Approach #3: Use matter proliferation credits
Incentivize partners.
Give your partners a strong and compelling reason to “proliferate” or grow new business on behalf of the firm. If partner B or associate B proliferates new business from an existing client originated by partner A they should receive a matter proliferation credit to incentivize them further.
What about client hoarding?
Won’t partner A hoard existing clients to avoid sharing their origination credit?
Yes, if the credit is shared.
You can incentivize both partners/associates if the matter proliferation credits are separate from origination credits. This provides both attorneys with the opportunities they need to provide significant value to the client, strengthening the client/firm relationship further.
This is also ideal because it keeps clients loyal to the firm. Clients who work with multiple partners are far less likely to leave the firm if a partner decides to leave.
Approach #4: Use decision by committee to resolve disputes
Origination can be messy.
The circumstances of a particular situation can be complex and difficult. It’s prudent to establish a (separate) governing body that will provide the firm with direction.
This could be:
- The managing partner
- A management committee
- A specialized compensation committee
- An executive committee
The point here is this.
You need a separate governing body that is disconnected from those disputing credits. You need an objective third party that follows an objective rule set that is written down and clearly established.
This eliminates bias.
But it also gives the firm the tools it needs to resolve any potential disputes that occur as a result of gaps or blind spots in your policies (this is inevitable).
Don’t leave this to other partners.
Take care of your firm’s employees as this is one of the most important employee retention tools your firm has at its disposal.

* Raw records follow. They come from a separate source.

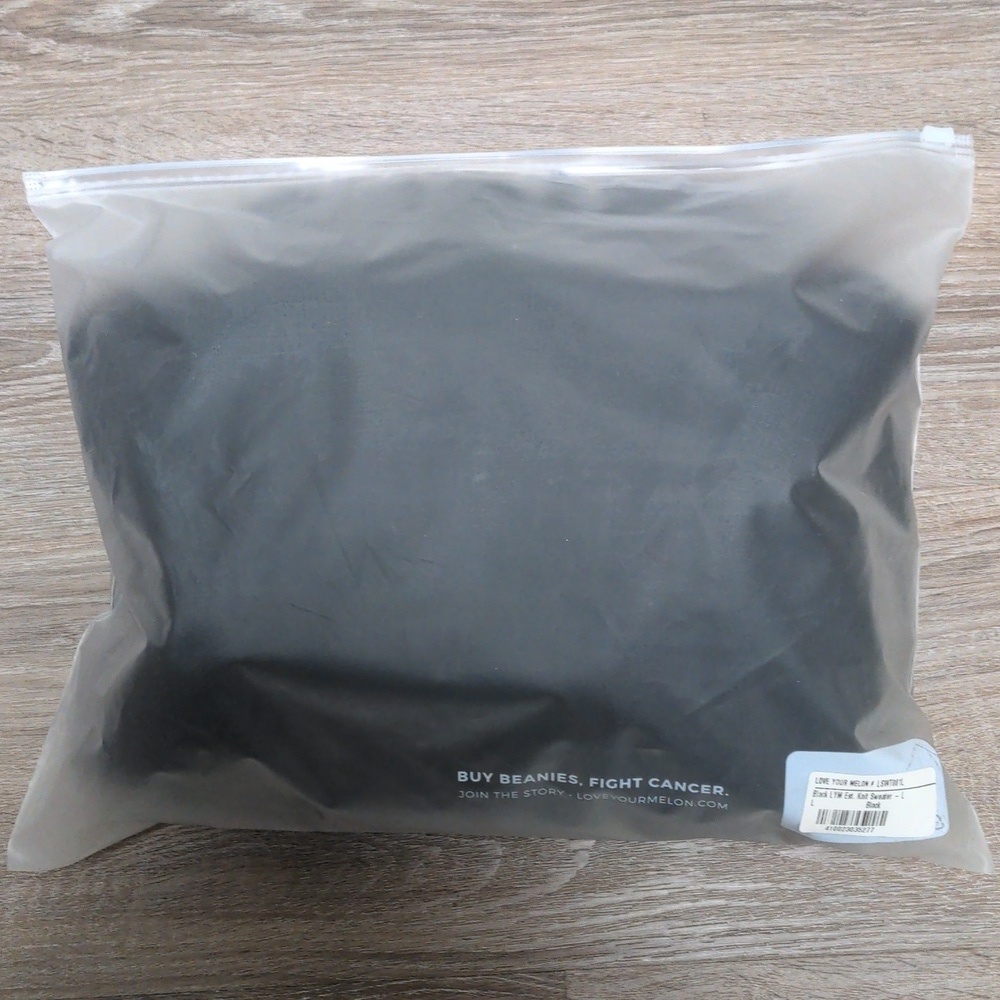 Love Your Melon Black Large sweater. - Picture 5 of 5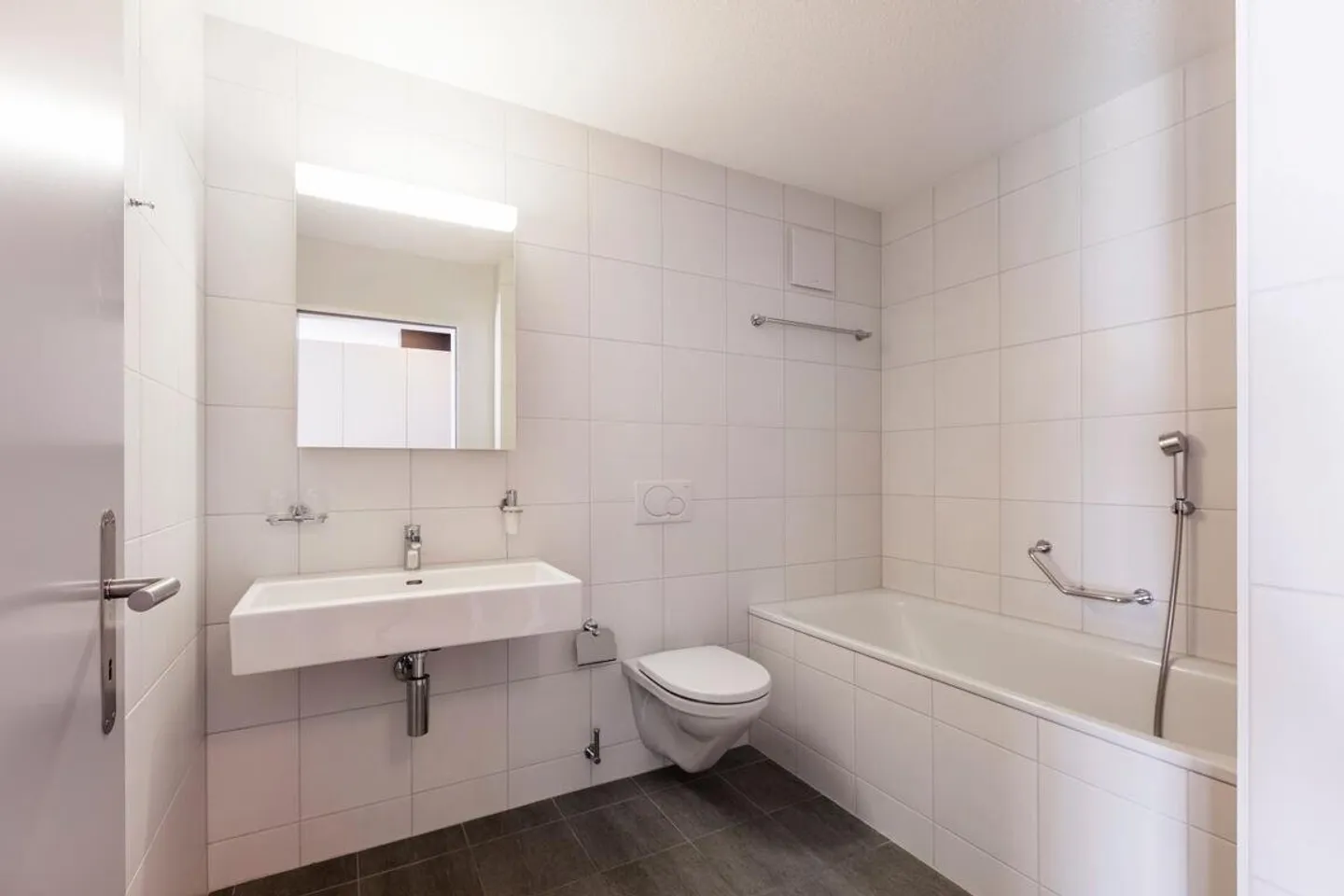 Living on the Bödeli! Attractive 4.5-room apartment in Unterseen - Photo 7 of 13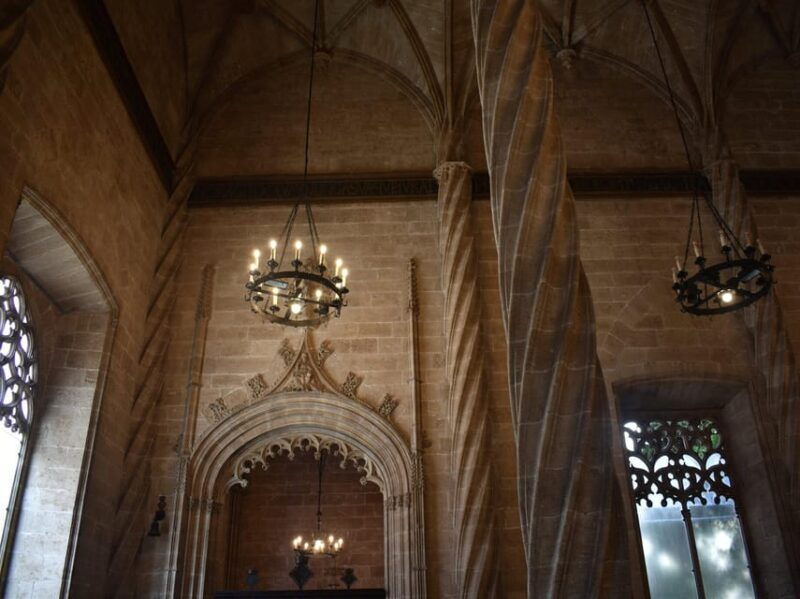 valencia-cathedral-st-nicholas-and-lonja-de-la-seda-tour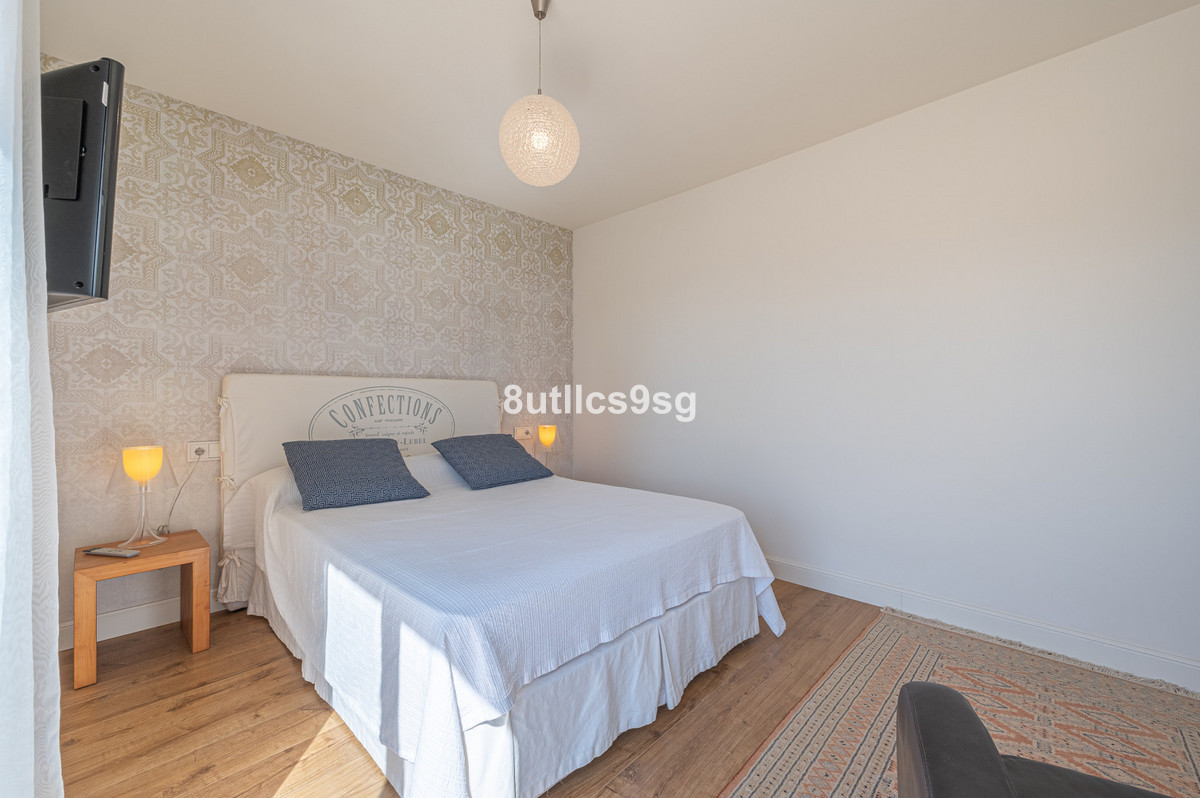 5 Bed Townhouse for sale in Nueva Andalucía Costa Del Sol, Málaga, Spain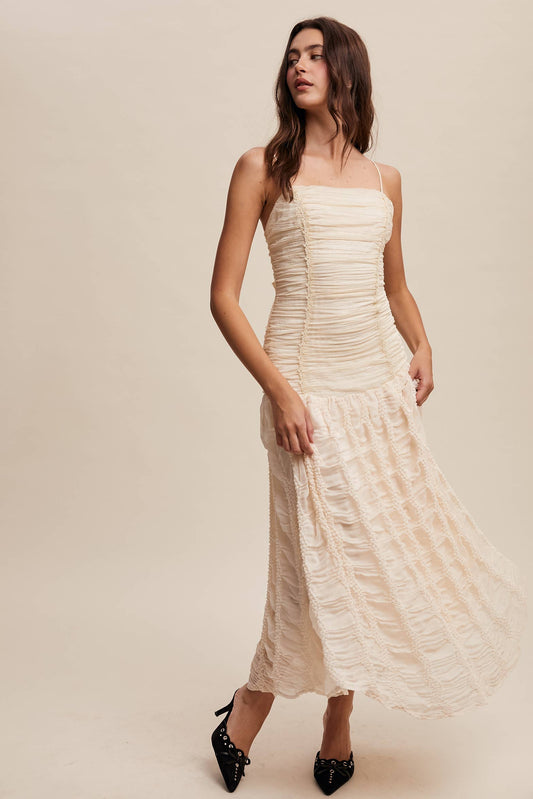 Elegant Ruched Bow-Back Maxi Dress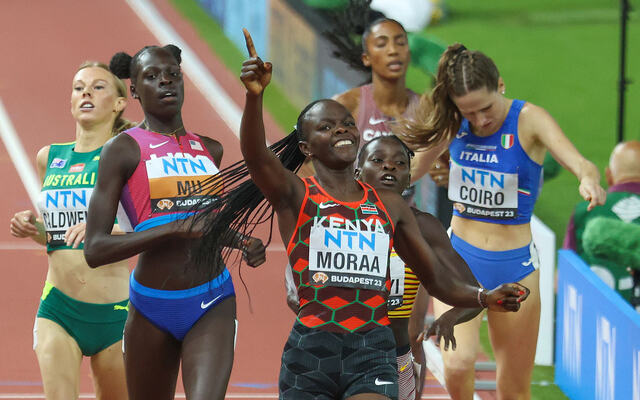 Mary Moraa jubler for heatseieren, men den som imponerte aller mest var Athing Mu som tok seg til finalen til tross for et nestenfall. (Alle foto: Arne Dag Myking)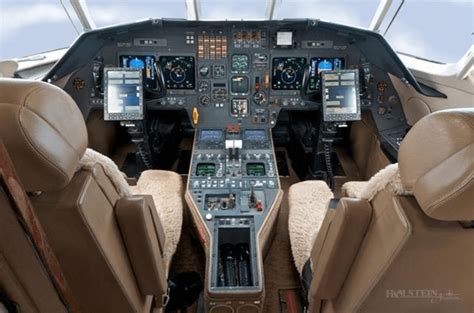Falcon 2000 Flight Deck Aeroclassifieds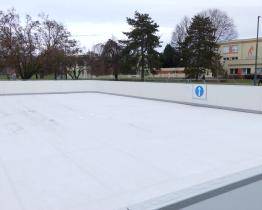 V Uherském Hradišti si opět můžete zabruslit na umělé ploše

Your employees want to grow your firm
If you let them, your employees will send you an avalanche of fresh leads, new clients and more revenue. They’re eager and willing to send you more business than you can handle.
They’re willing and able to do this and more for you.
But, they’re looking for fairness. It’s the one condition they’d like you to meet in this regard. Be reasonable, be fair or be gone.
Your employees are your greatest allies.
They’ll do their very best to give you the results you need, just be sure to them credit where credit is due.